En comparant des images radars de la mission Magellan de la NASA autour de Vénus, le chercheur Robert Herrick a finalement réussi à trouver une preuve directe de volcanisme actif. Ce résultat était supposé depuis des décennies, et on le doit finalement en partie à… l'ennui généré par des heures de réunion.

Mais aussi à beaucoup de travail, l'ennui, ça ne fait pas tout !

Cette réunion aurait pu être un e-mail

C'est une découverte qui a le mérite de commencer dans le quotidien de millions de travailleurs au cœur de la pandémie de 2020 : un trop-plein de réunions Zoom. Robert Herrick, chercheur à l'Institut de géophysique de l'université de l'Alaska s'ennuie et décide d'utiliser ces heures « perdues » pour observer et comparer des images radars de Vénus.

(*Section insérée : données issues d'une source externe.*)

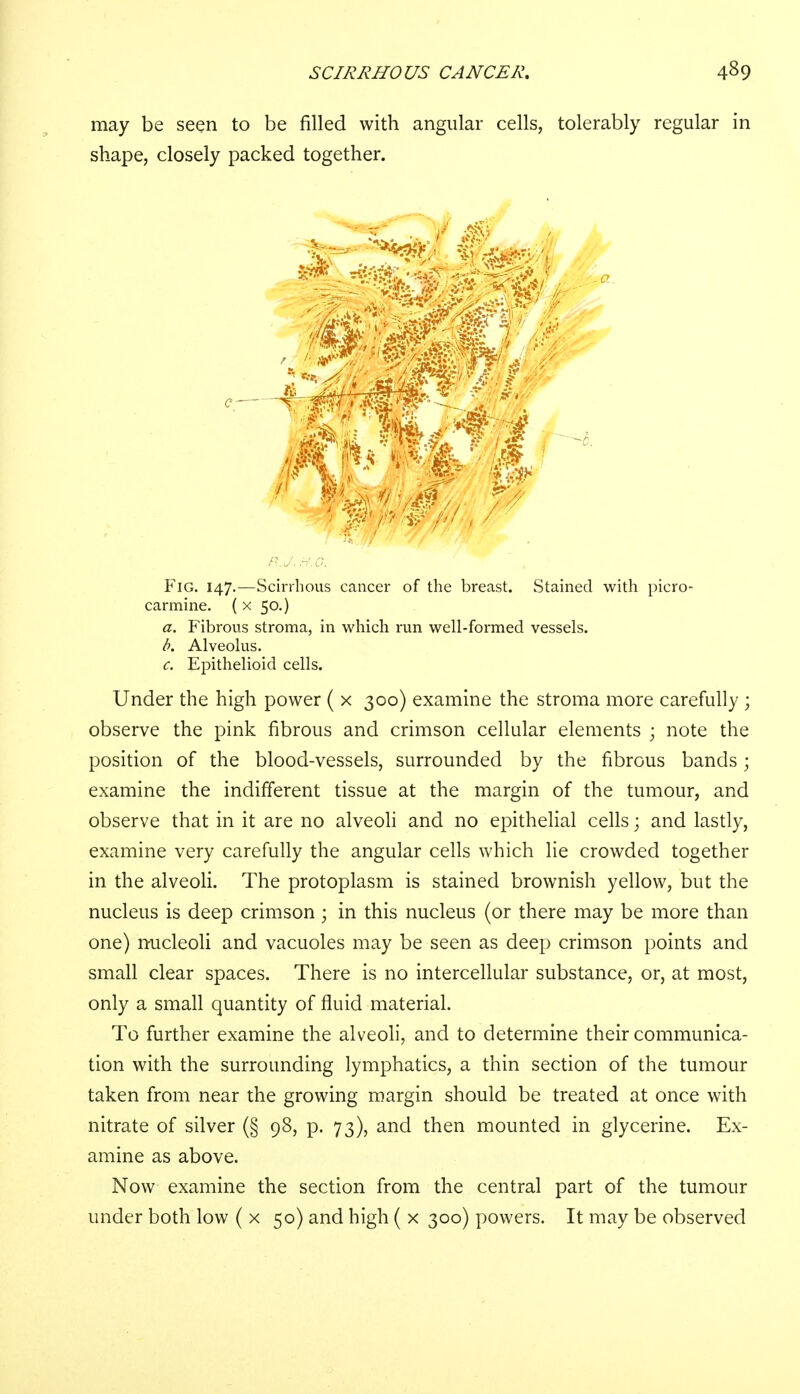 may be seen to be filled with angular cells, tolerably regular in shape, closely packed together. v. c^*y jp ; '--tt/jS w k ■■■■ Fig. 147.—Scirrhous cancer of the breast. Stained with picro- carmine. ( x 50.) a. Fibrous stroma, in which run well-formed vessels. b. Alveolus. c. Epithelioid cells. Under the high power ( x 300) examine the stroma more carefully ; observe the pink fibrous and crimson cellular elements ; note the position of the blood-vessels, surrounded by the fibrous bands; examine the indifferent tissue at the margin of the tumour, and observe that in it are no alveoli and no epithelial cells; and lastly, examine very carefully the angular cells which lie crowded together in the alveoli. The protoplasm is stained brownish yellow, but the nucleus is deep crimson ; in this nucleus (or there may be more than one) nucleoli and vacuoles may be seen as deep crimson points and small clear spaces. There is no intercellular substance, or, at most, only a small quantity of fluid material. To further examine the alveoli, and to determine their communica- tion with the surrounding lymphatics, a thin section of the tumour taken from near the growing margin should be treated at once with nitrate of silver (§ 98, p. 73), and then mounted in glycerine. Ex- amine as above. Now examine the section from the central part of the tumour under both low ( x 50) and high ( x 300) powers. It may be observed
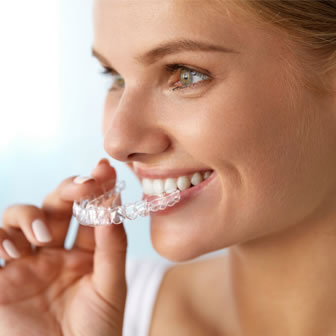 clear aligners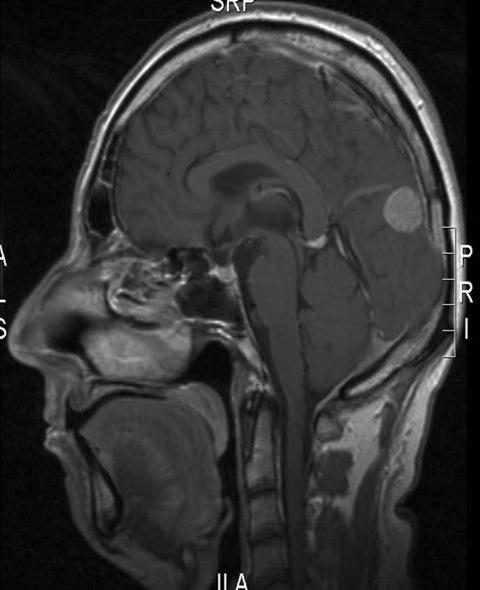 meningiom 2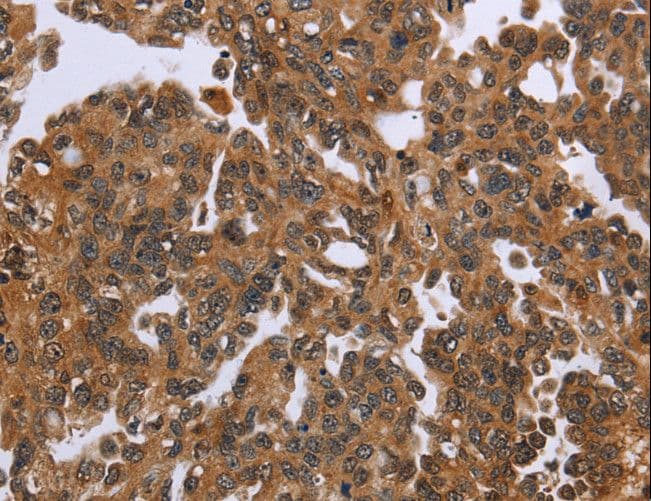 Polyclonal Rabbit anti-Human IHH Antibody (IHC)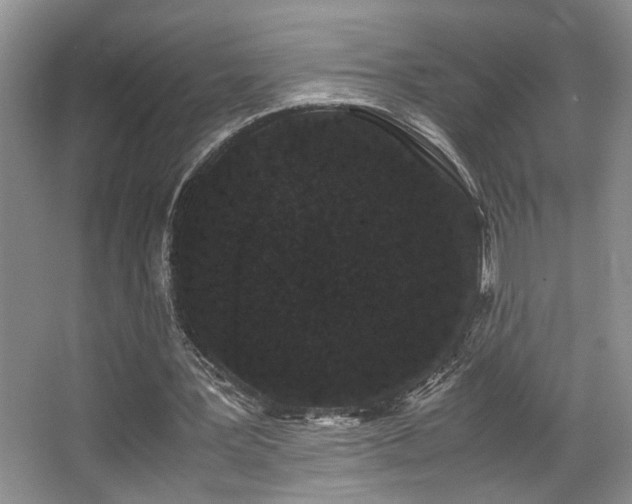 X0000063500387200601201418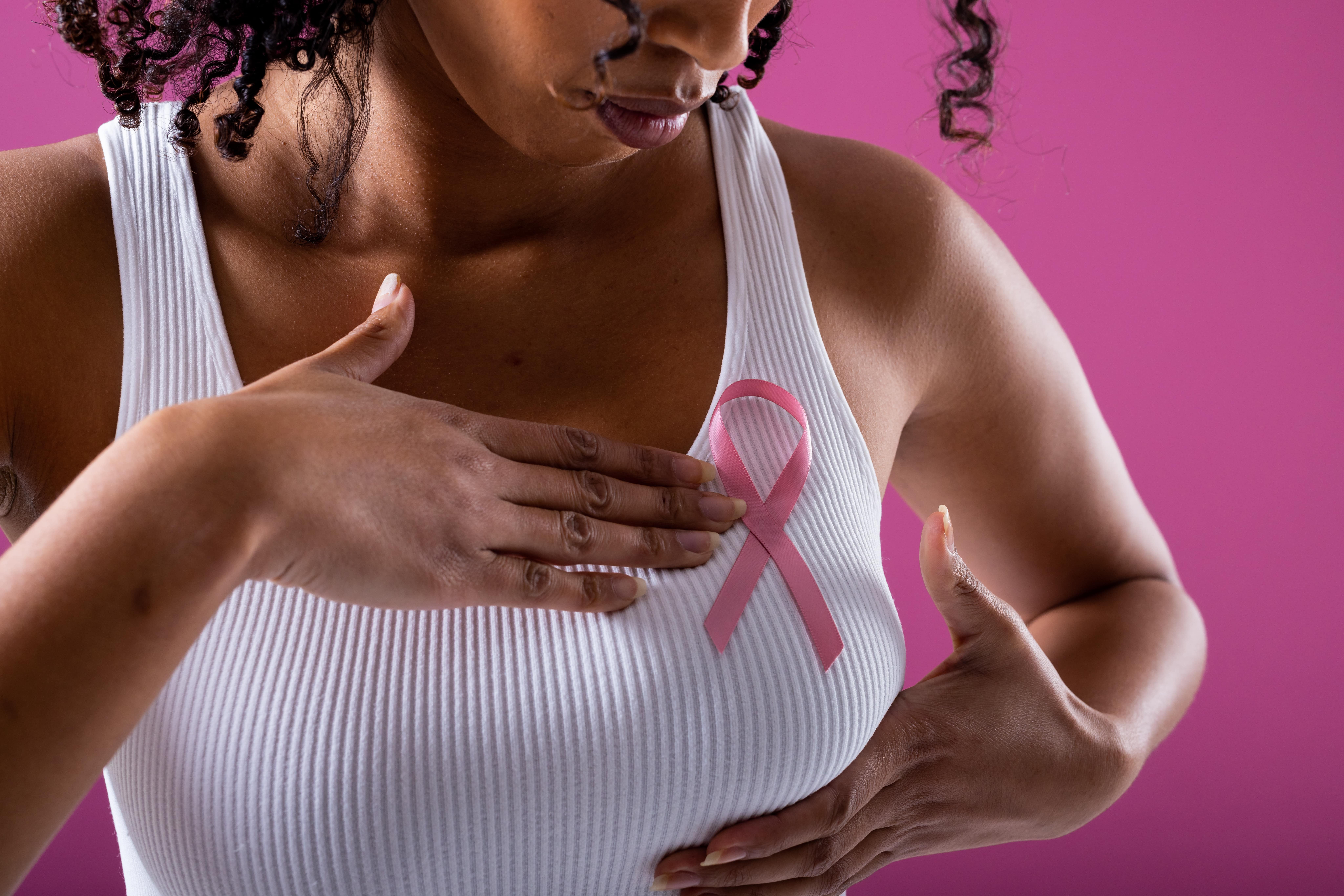 Après une mastectomie : la reconstruction mammaire est-elle obligatoire ?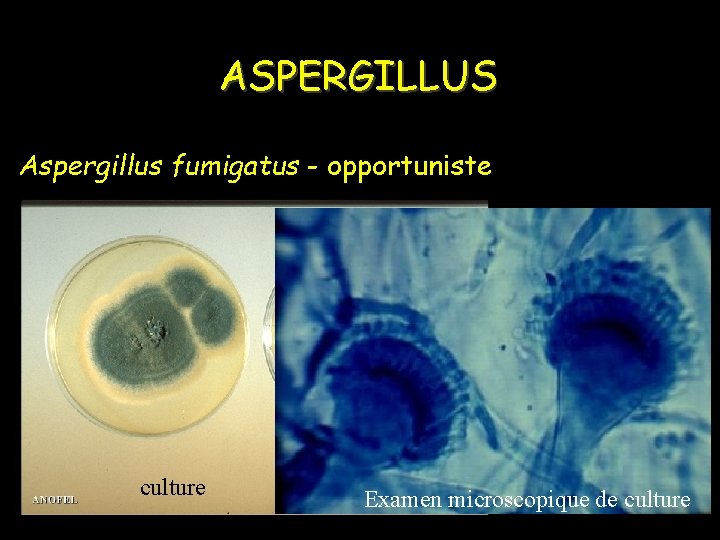 ASPERGILLUS Aspergillus fumigatus - opportuniste culture Examen microscopique de culture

Ces dernières sont issues de la mission Magellan, arrivée autour de la planète il y a presque 33 ans, en août 1990. Et contrairement à ce que l'on peut imaginer, les montagnes de données de cette mission, qui a duré quatre ans, n'ont pas toutes été entièrement exploitées. L'arrivée de l'exploitation numérique mène alors à envoyer aux chercheurs des piles de CD avec les « images », jusqu'à ce qu'elles soient renumérisées, indexées et stockées en ligne, deux décennies plus tard.

Maat Mons sur Vénus (et sous les nuages) © NASA / JPL-Caltech
Maat Mons sur Vénus (et sous les nuages) © NASA / JPL-Caltech

Die Hard : Vénus

La planète Vénus est entièrement recouverte de plusieurs couches nuageuses, à différentes altitudes, de différentes compositions et densités. La météorologie y est complexe, à une exception près. En effet, on sait qu'à la surface, c'est l'enfer tous les jours : 450 °C, un sol stérilisé par les pluies acides, des vents importants et une pression de surface de 75 bars environ. Toutefois, c'est la planète la plus proche de la Terre, avec une taille similaire et sans doute un processus de formation qui lui ressemble.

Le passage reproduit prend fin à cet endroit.